General documentation / cheat sheets for various languages and services

Literals

Integers

Three types:

  1. Hexadecimal (base 16): a token matching the regex ^0x[A-Fa-f0-9]+.
  2. Octal (base 8): a token matching the regex ^0[0-7]+. If a token has a leading zero, but also has any 8 or 9 digits, it will be interpreted as a decimal.
  3. Decimal (base 10): a token matching the regex [0-9]+.

Strings

There are several specific escapes:
string name decimal
\0Null 0
\bBackspace 8
\tTab 9
\nNew line 10
\vVertical tab 11
\fForm feed 12
\rCarriage return13
\"Double quote 34
\'Apostrophe 39
\\Backslash 92

Along with several character code escape sequences:

  1. Octal: Character codes between 0 and 255 (inclusive) can be represented by a backslash followed by one to three octal digits.
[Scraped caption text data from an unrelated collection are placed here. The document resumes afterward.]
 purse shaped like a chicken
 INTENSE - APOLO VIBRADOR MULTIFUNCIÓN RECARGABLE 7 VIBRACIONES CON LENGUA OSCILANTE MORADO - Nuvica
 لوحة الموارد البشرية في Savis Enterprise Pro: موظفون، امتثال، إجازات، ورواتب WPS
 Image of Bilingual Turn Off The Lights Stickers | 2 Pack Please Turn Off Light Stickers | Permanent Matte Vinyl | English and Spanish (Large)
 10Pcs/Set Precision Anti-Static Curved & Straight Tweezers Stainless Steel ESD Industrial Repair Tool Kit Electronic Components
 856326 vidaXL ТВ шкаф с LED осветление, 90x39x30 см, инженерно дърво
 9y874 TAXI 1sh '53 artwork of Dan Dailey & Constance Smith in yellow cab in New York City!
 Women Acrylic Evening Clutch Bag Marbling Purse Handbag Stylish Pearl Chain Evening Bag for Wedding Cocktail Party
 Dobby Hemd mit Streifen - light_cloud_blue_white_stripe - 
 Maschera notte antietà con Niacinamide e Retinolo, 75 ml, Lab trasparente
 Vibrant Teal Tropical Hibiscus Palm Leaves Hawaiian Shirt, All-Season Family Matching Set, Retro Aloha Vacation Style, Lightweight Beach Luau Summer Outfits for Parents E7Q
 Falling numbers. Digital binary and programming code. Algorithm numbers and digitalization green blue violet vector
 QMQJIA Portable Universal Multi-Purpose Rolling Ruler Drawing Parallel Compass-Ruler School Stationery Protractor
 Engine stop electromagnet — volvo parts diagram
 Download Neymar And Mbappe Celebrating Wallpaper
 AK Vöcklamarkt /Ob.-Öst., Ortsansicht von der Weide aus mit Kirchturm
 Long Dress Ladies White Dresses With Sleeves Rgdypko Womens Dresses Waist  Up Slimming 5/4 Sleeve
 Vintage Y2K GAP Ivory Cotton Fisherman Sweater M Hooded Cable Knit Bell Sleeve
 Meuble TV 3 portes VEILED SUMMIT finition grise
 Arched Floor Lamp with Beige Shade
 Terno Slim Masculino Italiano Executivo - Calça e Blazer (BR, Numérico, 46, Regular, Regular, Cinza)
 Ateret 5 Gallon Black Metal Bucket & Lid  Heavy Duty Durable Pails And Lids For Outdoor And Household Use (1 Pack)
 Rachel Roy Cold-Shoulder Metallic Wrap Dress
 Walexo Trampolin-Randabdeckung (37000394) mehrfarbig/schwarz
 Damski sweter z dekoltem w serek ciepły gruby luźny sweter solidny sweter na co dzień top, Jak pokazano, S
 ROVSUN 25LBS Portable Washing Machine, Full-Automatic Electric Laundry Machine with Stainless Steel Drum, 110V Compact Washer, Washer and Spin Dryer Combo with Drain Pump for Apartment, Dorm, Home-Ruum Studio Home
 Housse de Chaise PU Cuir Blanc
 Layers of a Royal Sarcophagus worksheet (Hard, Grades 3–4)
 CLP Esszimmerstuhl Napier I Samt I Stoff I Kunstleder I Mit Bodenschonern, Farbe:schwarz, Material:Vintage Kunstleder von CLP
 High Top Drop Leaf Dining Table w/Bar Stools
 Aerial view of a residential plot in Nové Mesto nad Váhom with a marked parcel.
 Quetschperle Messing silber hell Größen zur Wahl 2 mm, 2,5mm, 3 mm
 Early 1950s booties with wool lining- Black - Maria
E.g., "\123" == "S" and "\12" == "\n". The interpretation is greedy, so it will consume as many octal digits after the backslash as it can, i.e., "\127" == "W", but "\128" == "\n8", since 8 is not an octal digit.
  2. Hexadecimal: The same characters, those between 0 and 255, inclusive, can be represented by hexadecimal escapes, too. These have the prefix \x, and always require both digits. E.g., "\xFE" == "þ", "\x0a" == "\n".
  3. Unicode: All Unicode characters in the basic plane (0 through 65535) can be represented with the prefix \u, followed by four hexadecimal digits. E.g., "\u00FE" == "þ".